> [TASK DIRECTIONS]: Without the pictures, print the lines running from the beginning of the material to the line containing "Bureaux aménagés à", both ends included.

> [PROVIDED DATA]:
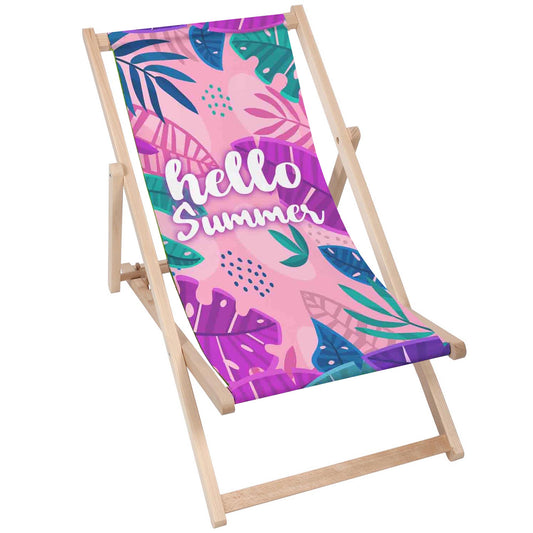 Holz Liegestuhl Hello Summer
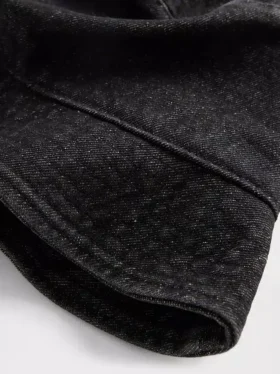 Džínová čepice typu bucket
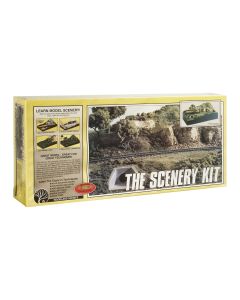 Woodland Scenics S927 Scenery Learning Kit -- Builds 10 x 18" Diorama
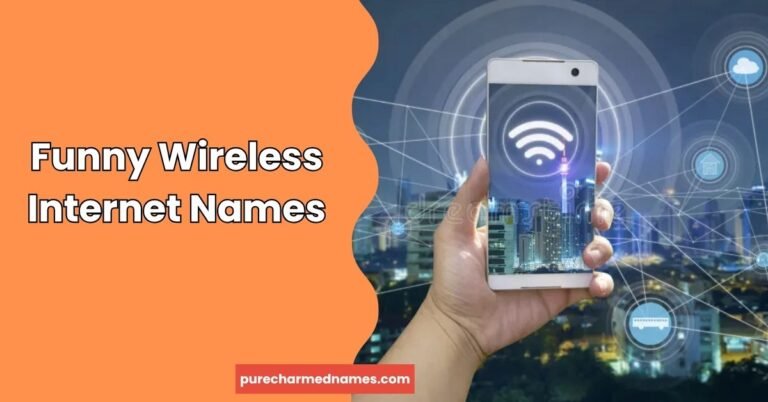 Funny Wireless Internet Names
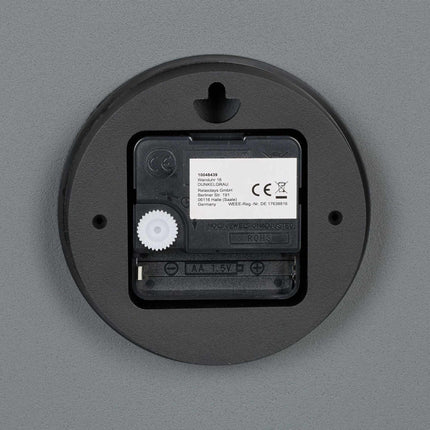 Gray wall clock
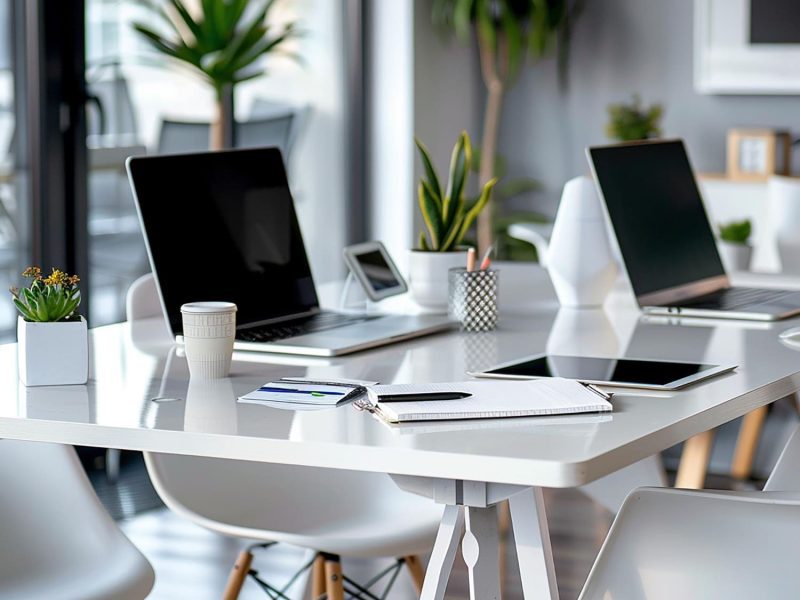 Bureaux aménagés à l'Aéroport International du Castellet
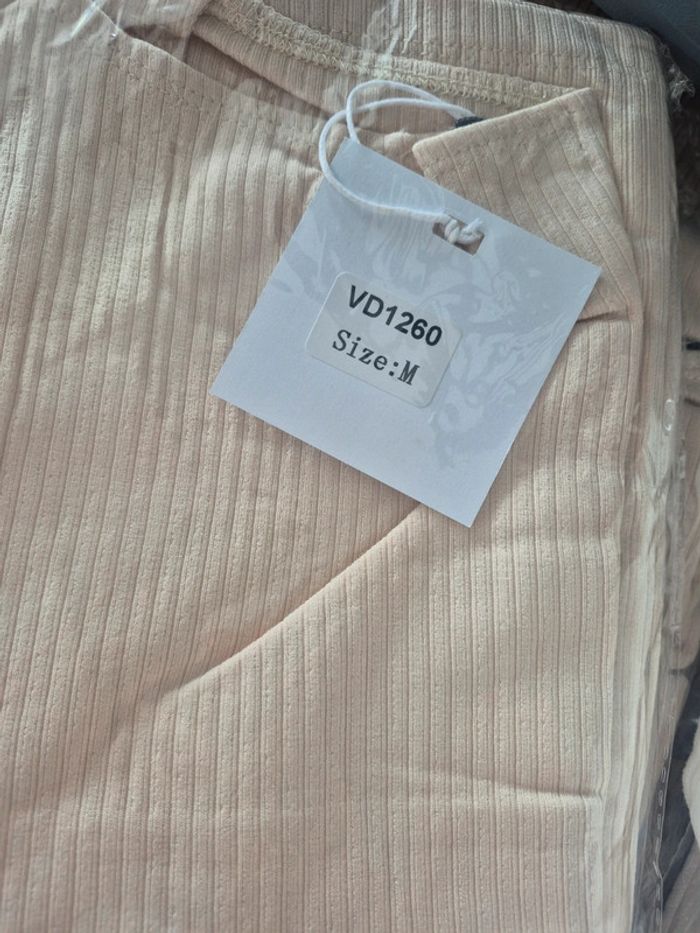 Robe Longue Avec Manches Longues Femme Crème - photo numéro 3
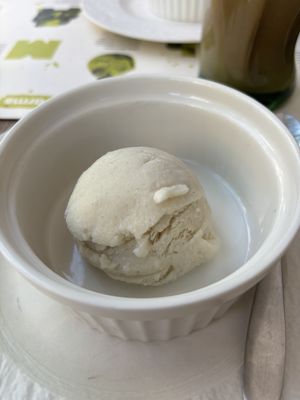 Vanilla ice cream   at BioMania Bistro in Zagreb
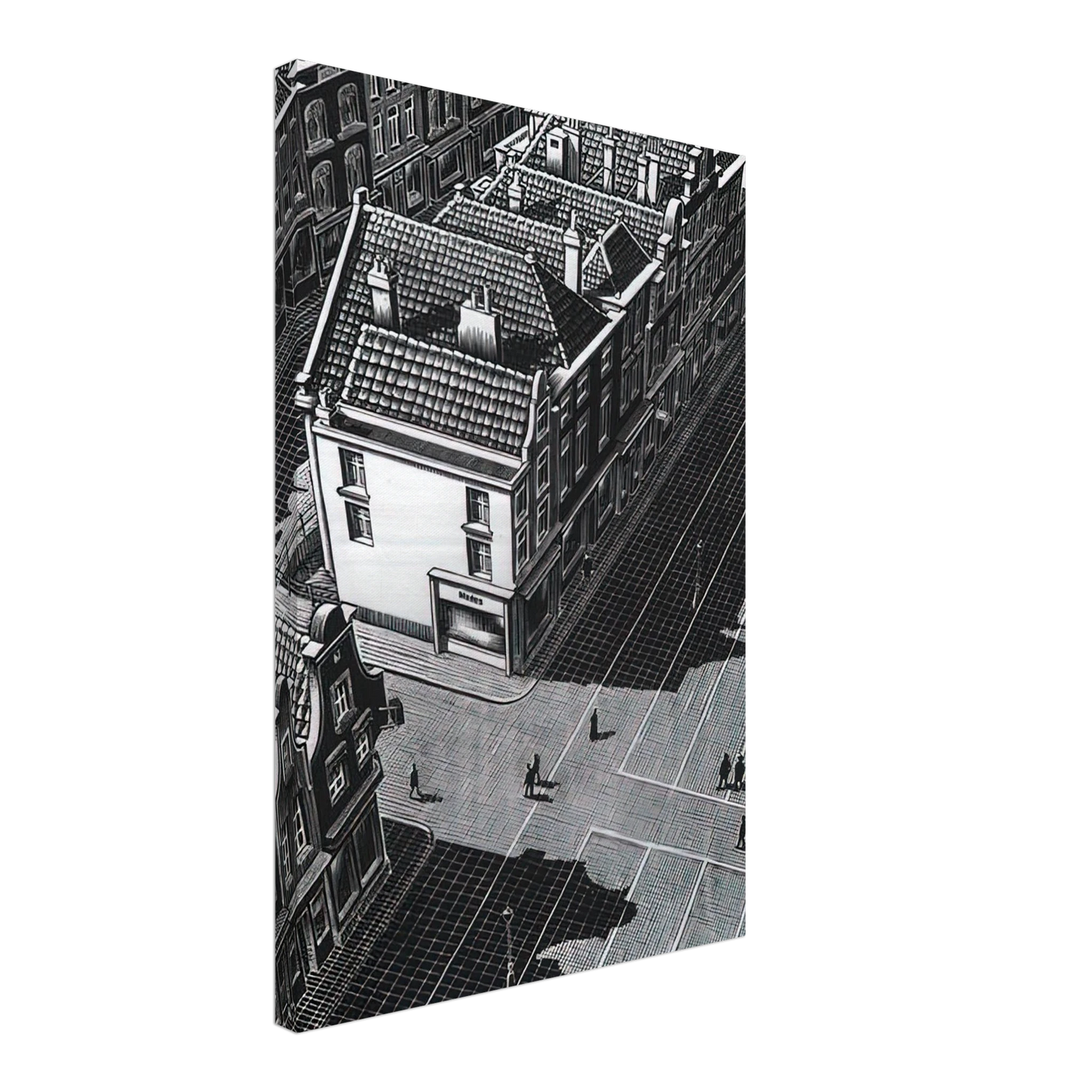 MC Escher - DELFT Canvas - 70x100 cm / 28x40 inches-canvas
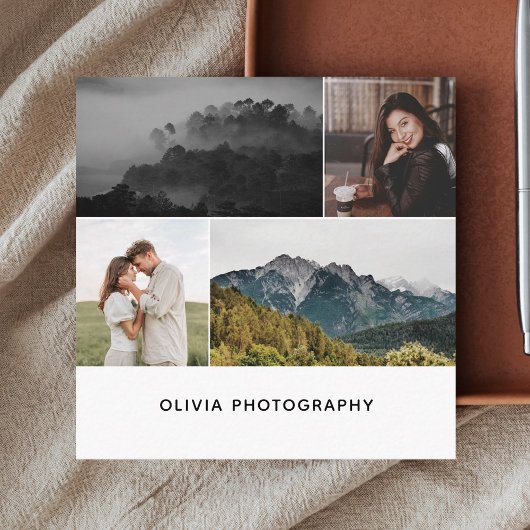 Foto Minimalistisch Modern Vierkante Visitekaartje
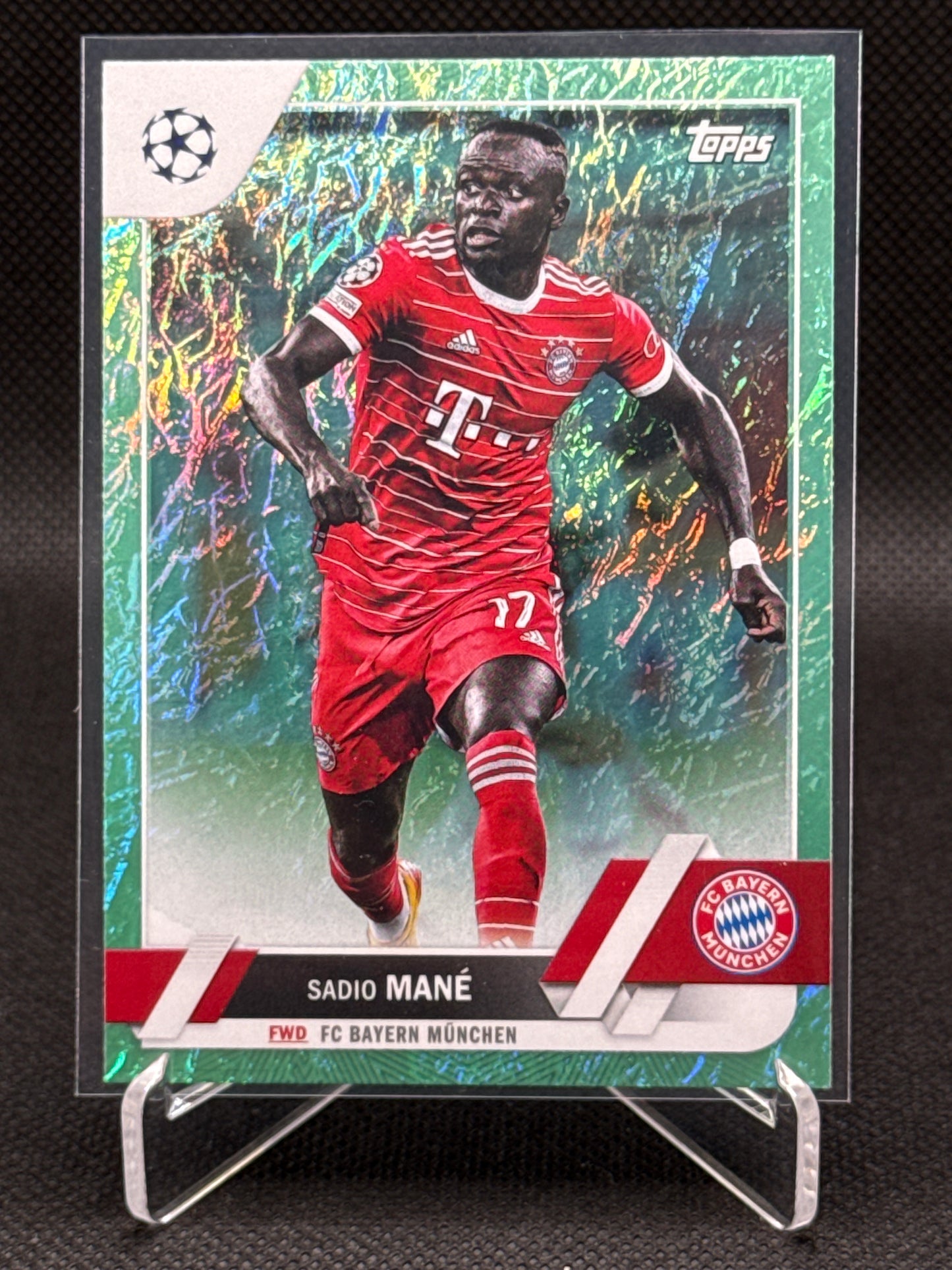 Sadio Mané – Chrome Refractor – Topps UEFA Champions Leagu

> [SOLUTION FOR THIS PROBLEM]:
 Holz Liegestuhl Hello Summer
 Džínová čepice typu bucket
 Woodland Scenics S927 Scenery Learning Kit -- Builds 10 x 18" Diorama
 Funny Wireless Internet Names
 Gray wall clock
 Bureaux aménagés à l'Aéroport International du Castellet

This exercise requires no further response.